The college search and decision process represents, for some kids, a significant threshold. They begin to move from the present emotion of adolescence to the future rationale of adulthood. They have to consider their own identity in an attempt to find a cultural and academic match. They must take a sobering account of their performance and finally link the cause and effect of each homework assignment either completed or eaten by the dog. It is also an opportunity to consider their personal narrative. What have I done that is interesting? What do I care about? What is my voice? What does it mean to have a voice?

For some high school seniors the plan is mapped by family legacy, geography, finances or even the determination that college is not a desired option. For my son and his friends, it has been an exhausting competition, real and faux, played without enough experience to factor fate in the outcome. No amount of assurance and logic has meaning. It is their first brush with mystery. The same college that accepts a student ranked 48 in his high school class can waitlist or reject the Valedictorian. They always knew life wasn’t fair, they just assumed that their parents were the arbitrators. Now the whole world seems in on it.

Because I have shared some of my son’s college application journey:




Here is his decision:


He is very, very happy. Living through his eyes in the past few weeks, I have shared his incredible rush of relief. He did his best. It is over. Now he is just running the clock out. And although I was prepared to either sort through disappointment or bob in the wake of excitement, this was his show from the start. I watch him bask in the sun and know he needs to savor and store this feeling. He will need it.        

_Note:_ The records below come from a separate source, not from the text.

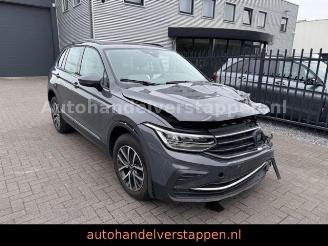 uszkodzony samochody osobowe Volkswagen Tiguan 2.0TDI Life R-Cam DAB+ LED 2022/6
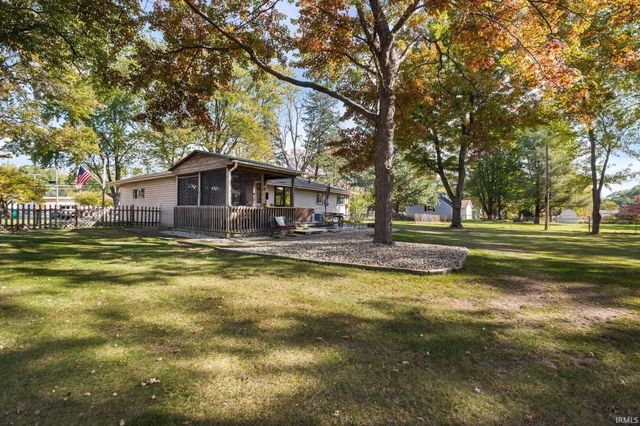1917 E McKinley Avenue, Mishawaka, IN 46545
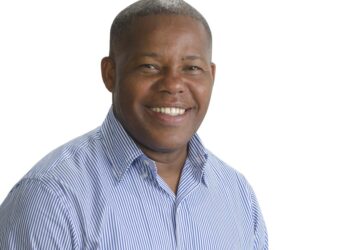 Adán Peguero encabeza SDE con un 43.4%; ratifica solucionará problemas de basura y ruido 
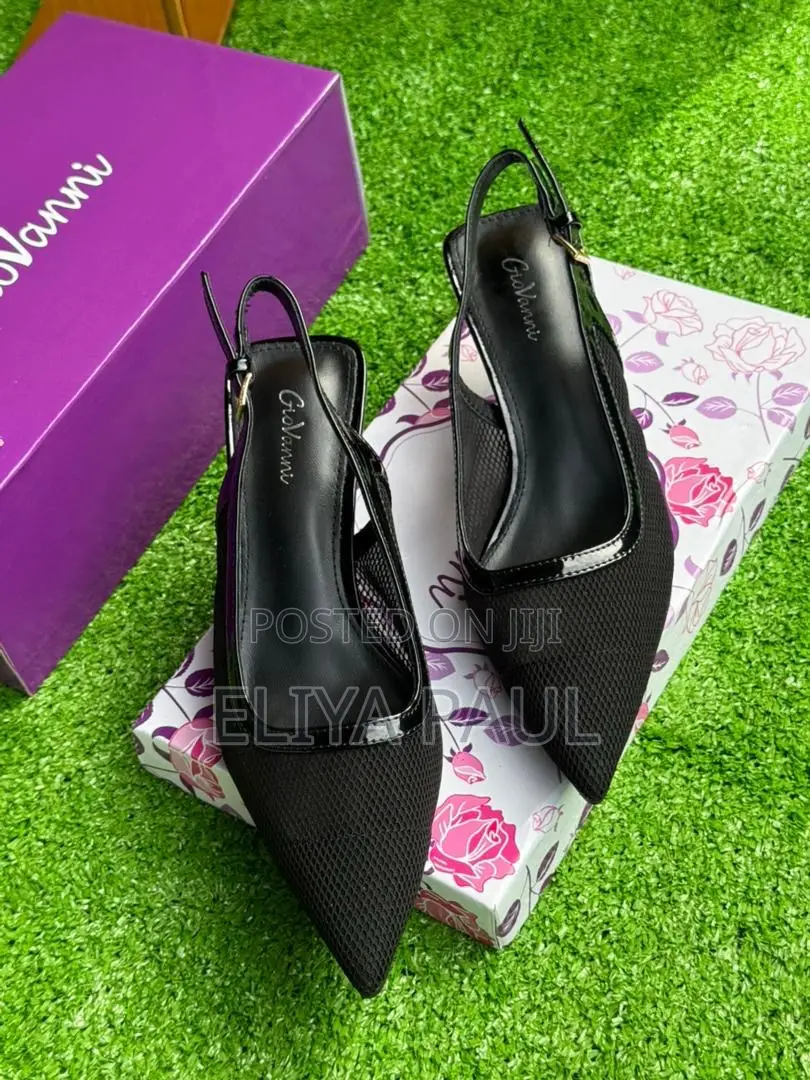 Giovanni Kitten Heel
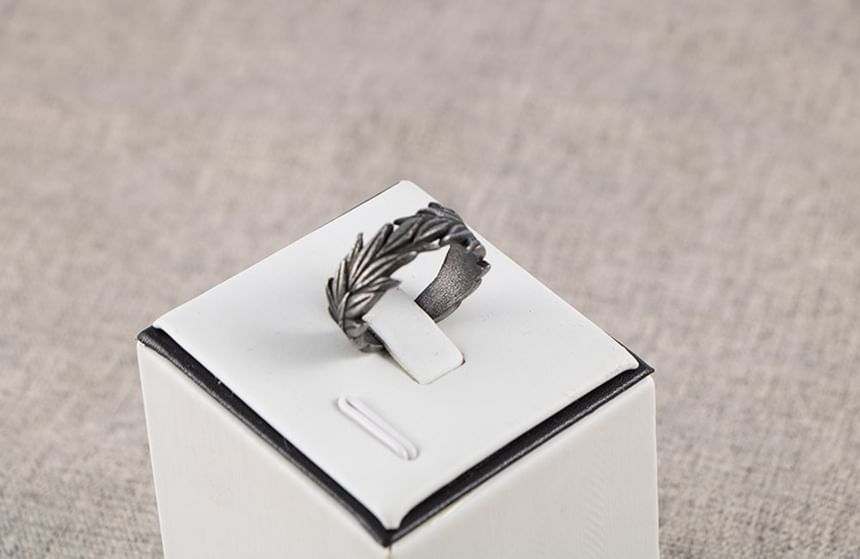 Prushia - Tarwe Ring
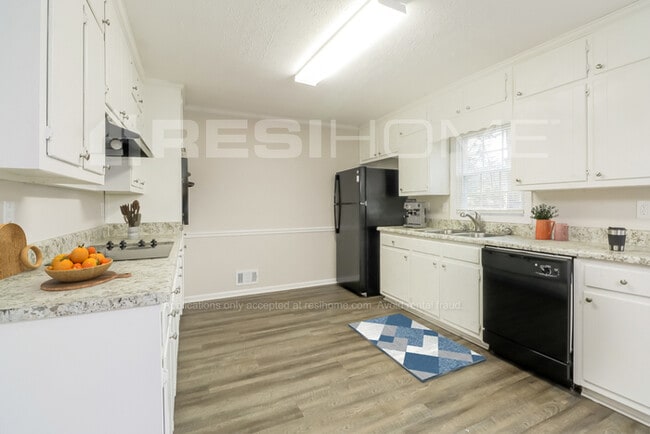 Photo - 1512 Hillside Dr SE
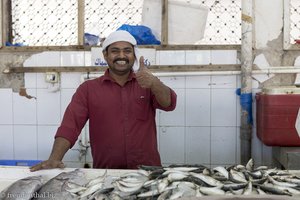 Sehr nett: die Händler im Fischmarkt von Ras al Khaimah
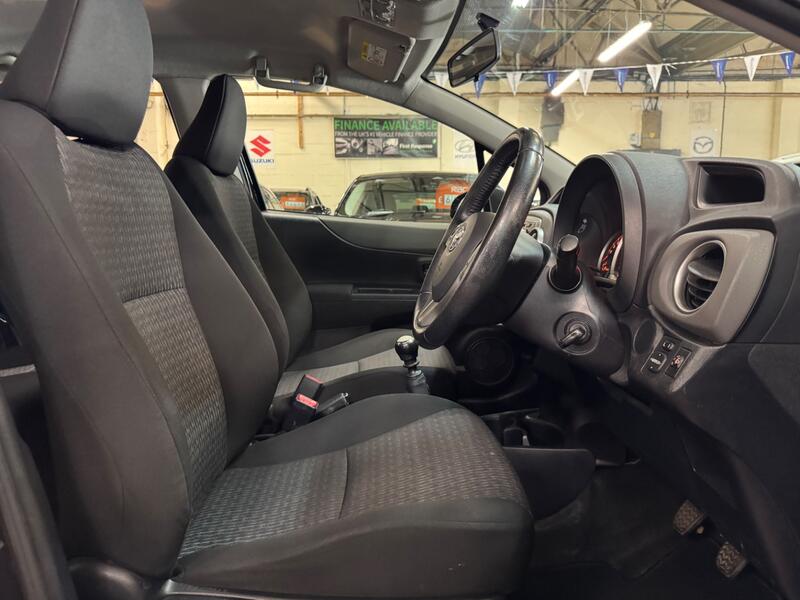 TOYOTA YARIS 1.3 Dual VVT-i TR 2013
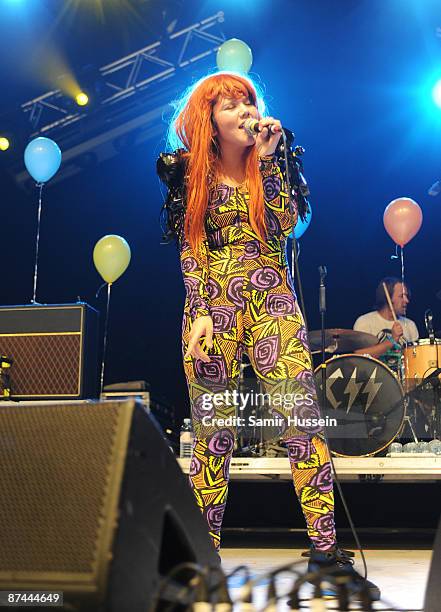 Singer From Css 667 Css Lovefoxx Stock Photos, High-Res Pictures, and Images - Getty Images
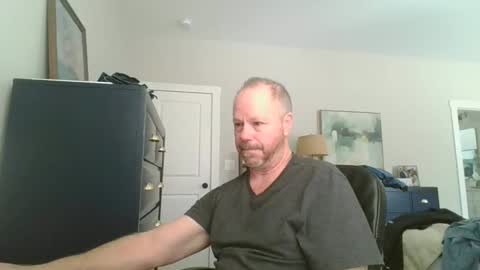 Snapshot of rossd1961 chatting on 02/26/25, 02:46 nanook online show from 02/26/25, 02:46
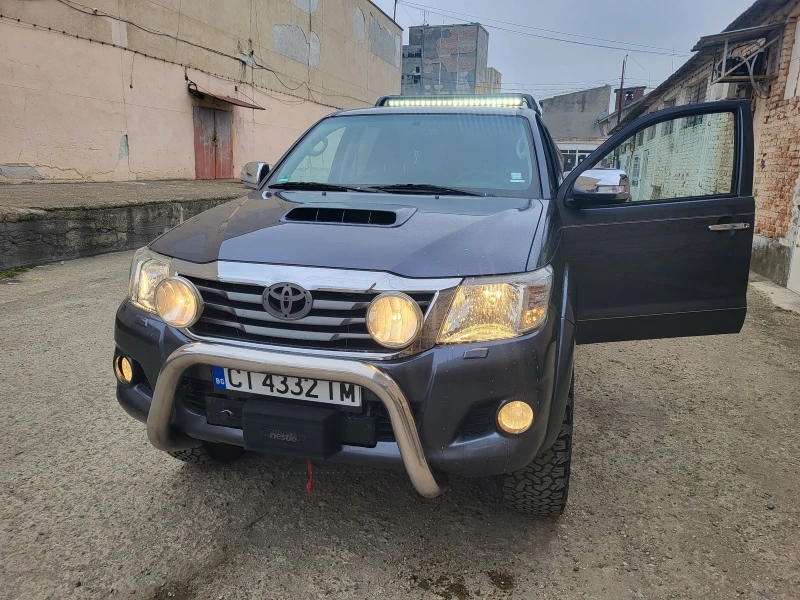 Toyota Hilux Hilux 3.0D, снимка 2 - Автомобили и джипове - 52552962
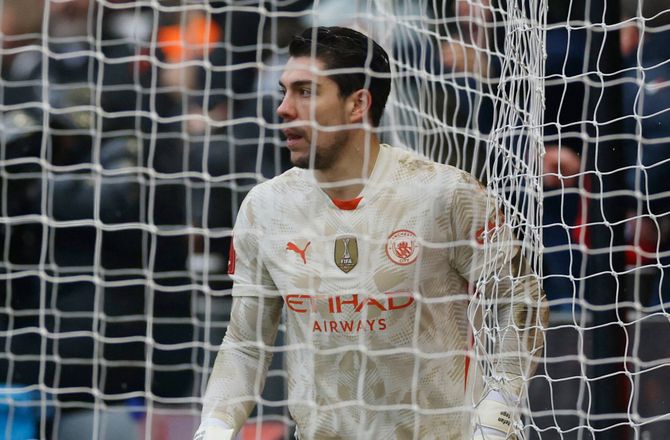 FA Cup -Sensation lurer - Leyton Orient scorer fra midten mod City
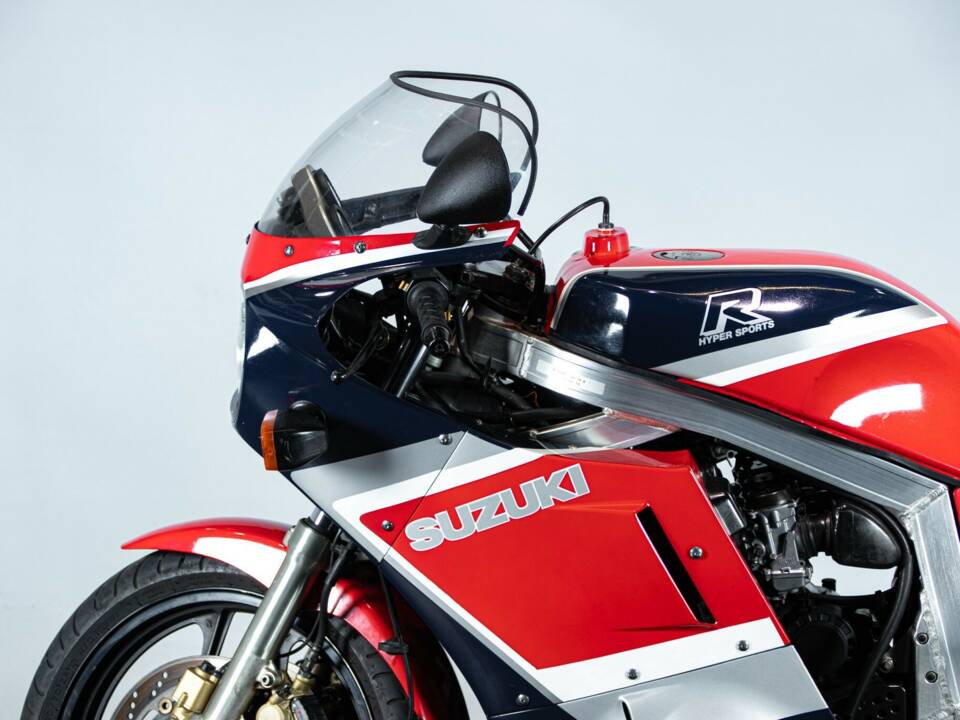 Afbeelding 25/50 van Egli-Suzuki GSX-R 1100 (1986)
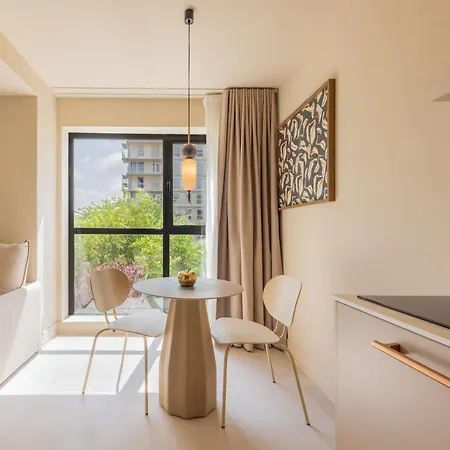 Apartmanhotel A2b Collection Arena 4*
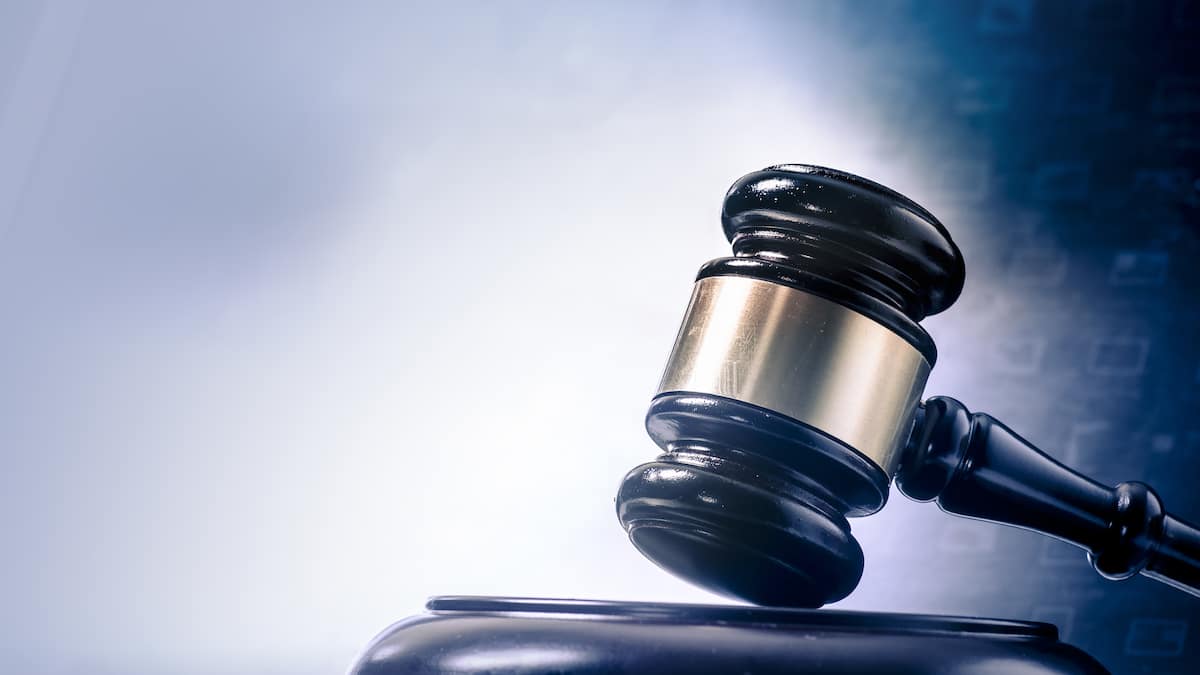 Arrestation d'un homme qui avait menacé de tuer des agents électoraux américains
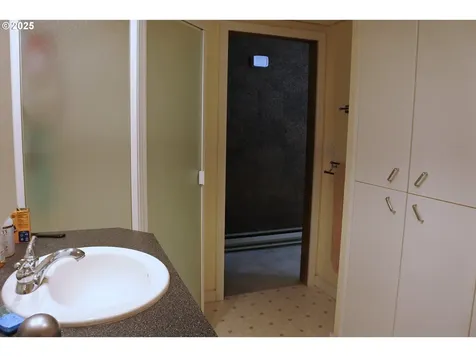 415 W 14th Street The Dalles OR 97058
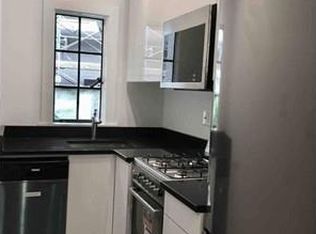 7 Everett St #1, Cambridge, MA 02138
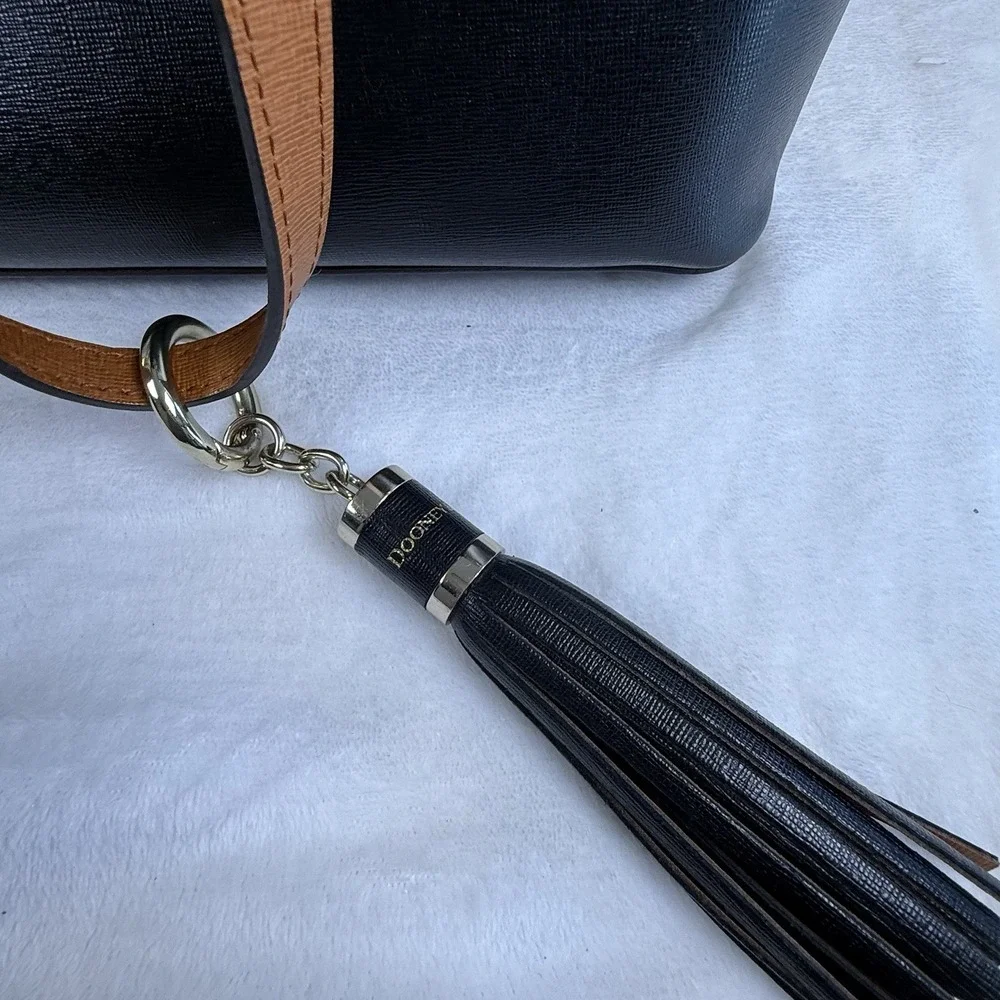 Dooney & Bourke Black Tan Leather Tote Shoulder Bag Tassel Dust Bag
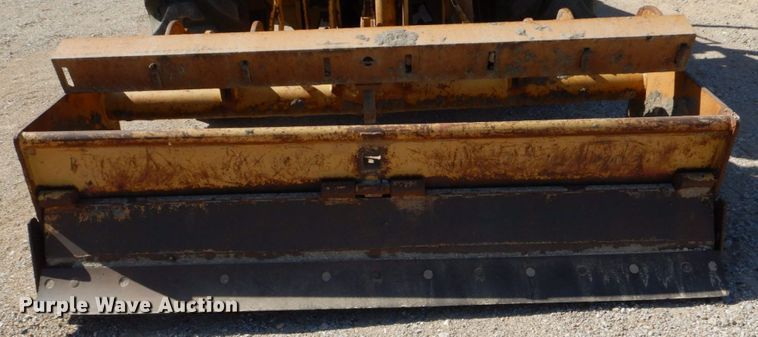 image for item DO1517 1991 Case 480F  landscape tractor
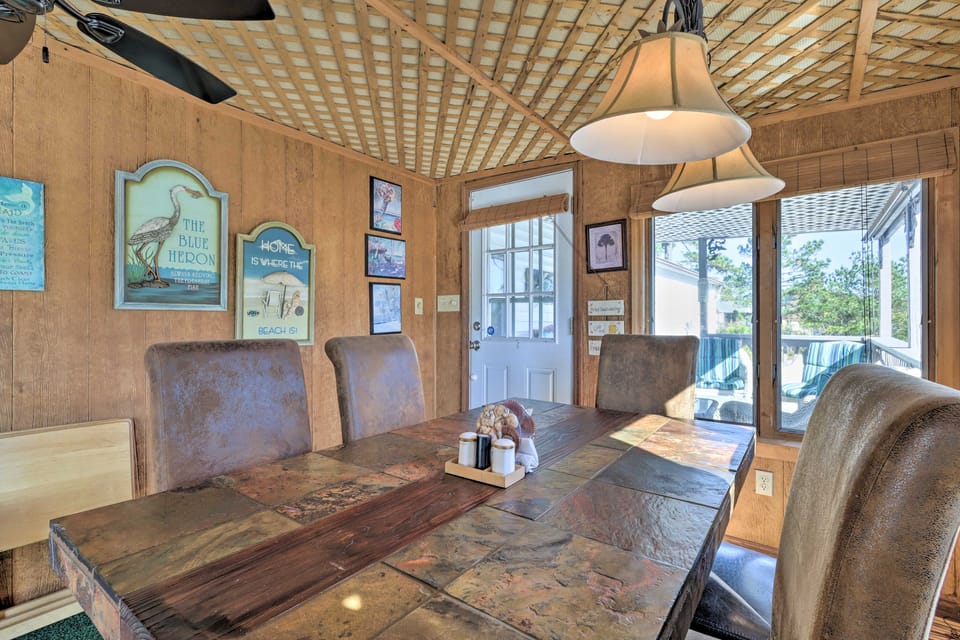 Quaint Chincoteague Island Hideaway w/ 2 Porches! House in Chincoteague Island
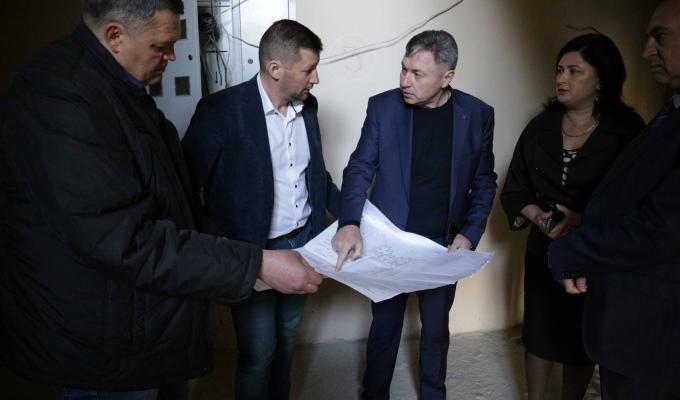 Будинок для переселенців у Рубіжному – на завершальній стадії будівництва: Юрій Гарбуз провів виїзну нараду на об’єкті Будинок для переселенців у Рубіжному – на завершальній стадії будівництва: Юрій Гарбуз провів виїзну нараду на об’єкті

16 responses to “A process, an end, a beginning”

  1. Dave says:

    Wow, congratulations to the kid. All the Chicago grads I know are really interesting people. Hope he enjoys it.

  2. Rachel says:

    Woooo! This is so exciting. And Chicago is the BEST city. Congrats to all of you.

  3. FPS says:

    Hee, where fun goes to die! As you probably know, the U of C is a miracle of self-selection–the kids who chose it tend to love it, though it’s kind of acknowledged that most people would run screaming away. The undergrads are a nice combination of quirky and off-the-chart intelligent. He’ll have an interesting time for sure.

  4. swells says:

    What life transition is more exciting and transformational than moving away from home to start college? Very few, if any, I reckon. I’m thrilled for him as he begins his new life!

    And does everyone here know that one of our own TGW writers, who’s definitely a beautiful combination of quirky and off-the-chart intelligent, is a UofC creation? Shall we make it a quiz, or does everyone already know?

  5. FPS says:

    I actually don’t think I know. (I went to grad school there. Grad students at the U of C often substitute unhappy for quirky and overfocused and geniusy about one insanely specialized thing for the rest.)

  6. PB says:

    I love a quiz!!!!!! I actually have no idea who it is!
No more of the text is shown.